Several mechanisms have been proposed to explain the haemorrhagic complications following abdominal paracentesis. First, bleeding from direct puncture of a superficial abdominal wall vein or from mesenteric varices has been hypothesized and sometimes demonstrated, as in our first case.18 It has also been suggested that haemorrhage might occur from mesenteric variceal rupture precipitated by sudden release of abdominal wall pressure following paracentesis in the face of an elevated intravariceal pressure.15, 19 In our five patients where these data were available, portal pressure was elevated but there was no definitive evidence that bleeding was variceal.

Although most reports detected symptoms during the first 6 to 48 h after paracentesis, delayed symptoms up to 1 week after the procedure have also been described.18, 20 In our experience, most patients present with abdominal pain, distension and haemodynamic instability. The diagnosis of such complications requires the performance of a new diagnostic paracentesis, abdominal ultrasound and/or CT scan. As demonstrated in our cases, most bleeding can be handled by medical treatment, such as fluid resuscitation and correction of the coagulation disorders. Laparoscopy with vessel ligature should be considered when haemodynamic instability persists despite medical treatment.20 Alternatively, transjugular intrahepatic portal-systemic shunt has also been used.15 Clinical evidence of fibrinolysis or disseminated intravascular coagulation should preclude paracentesis, but none of our patient met these criteria.

Two studies showed a potentially higher risk of bleeding in liver patients with renal failure and suggested that this context might require prophylactic administration of FFP.5, 14 In our study, the majority of the patients who presented a hemorrhagic complication had and estimated serum creatinine clearance under 50 mL/min prior to paracentesis. However, our data are insufficient to support the systematic prophylactic administration of either DDAVP or FFP in these patients.
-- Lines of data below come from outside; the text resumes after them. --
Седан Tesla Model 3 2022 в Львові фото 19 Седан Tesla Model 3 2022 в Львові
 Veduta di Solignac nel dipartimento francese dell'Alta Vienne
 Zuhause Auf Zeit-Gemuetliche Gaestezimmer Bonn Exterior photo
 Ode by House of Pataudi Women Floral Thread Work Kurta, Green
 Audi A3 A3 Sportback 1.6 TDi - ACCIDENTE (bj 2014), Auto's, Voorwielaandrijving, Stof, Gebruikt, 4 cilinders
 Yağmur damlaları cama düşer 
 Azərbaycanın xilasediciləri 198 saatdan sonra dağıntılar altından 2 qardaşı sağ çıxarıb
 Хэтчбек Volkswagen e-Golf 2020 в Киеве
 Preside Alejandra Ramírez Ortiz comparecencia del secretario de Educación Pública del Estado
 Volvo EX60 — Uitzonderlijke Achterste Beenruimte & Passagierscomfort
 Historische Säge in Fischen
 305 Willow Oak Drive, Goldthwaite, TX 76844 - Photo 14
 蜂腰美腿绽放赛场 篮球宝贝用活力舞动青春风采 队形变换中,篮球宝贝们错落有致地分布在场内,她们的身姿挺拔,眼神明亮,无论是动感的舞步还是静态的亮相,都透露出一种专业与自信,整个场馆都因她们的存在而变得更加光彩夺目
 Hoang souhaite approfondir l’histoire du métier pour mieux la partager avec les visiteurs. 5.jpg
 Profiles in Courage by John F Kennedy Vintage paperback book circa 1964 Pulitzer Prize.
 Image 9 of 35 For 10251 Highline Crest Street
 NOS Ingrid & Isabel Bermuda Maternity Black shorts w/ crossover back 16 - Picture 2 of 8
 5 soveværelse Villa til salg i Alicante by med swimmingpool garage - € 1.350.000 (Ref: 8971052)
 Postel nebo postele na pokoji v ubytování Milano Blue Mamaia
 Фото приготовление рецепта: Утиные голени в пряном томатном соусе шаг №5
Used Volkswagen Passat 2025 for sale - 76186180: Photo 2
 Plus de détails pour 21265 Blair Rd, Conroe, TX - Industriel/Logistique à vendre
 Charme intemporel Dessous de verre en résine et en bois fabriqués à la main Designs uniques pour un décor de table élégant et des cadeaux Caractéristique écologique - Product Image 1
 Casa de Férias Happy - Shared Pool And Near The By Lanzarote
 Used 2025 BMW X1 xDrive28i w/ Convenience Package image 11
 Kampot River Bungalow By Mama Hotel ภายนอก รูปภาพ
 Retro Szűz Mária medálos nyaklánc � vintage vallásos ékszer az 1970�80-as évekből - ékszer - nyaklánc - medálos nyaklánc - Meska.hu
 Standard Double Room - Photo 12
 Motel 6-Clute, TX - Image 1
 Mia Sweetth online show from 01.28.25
Our reports also confirm that hemorrhagic complications do not necessarily occur in the setting of severe thrombocytopenia and/or prolonged coagulation time and that hematologic preparation is not mandatory in patients with these types of abnormalities alone.10, 11 Indeed, only two of nine patients who bled presented platelets levels under 50 000 or INR >2 just prior to the event. The study recently published by Grabau et al.11 clearly underlines the safety of performing paracentesis using a standardized procedure in stable patients followed in the out-patient clinic. Our report shows that complications do occur in the more severely ill patients who require in-hospital care and who have renal dysfunction.

In conclusion, severe haemorrhage after abdominal paracentesis is a rare (0.19%) but potentially lethal complication. We report death following this complication in 0.02% of all paracenteses performed. Most haemorrhages occurred in severely ill patients and were rarely seen in patients with severe thrombocytopenia and/ore elevated INR. All but one occurred in the context of some degree of renal failure. The management of this complication can be conservative. Short-term prognosis is nonetheless poor and seems related to the underlying liver disease. Utility of the systematic prophylactic administration of agents that improve platelet function in patients with renal failure requiring abdominal paracentesis could be assessed prospectively. Unfortunately, this would be difficult to realize because of the very large patient sample required.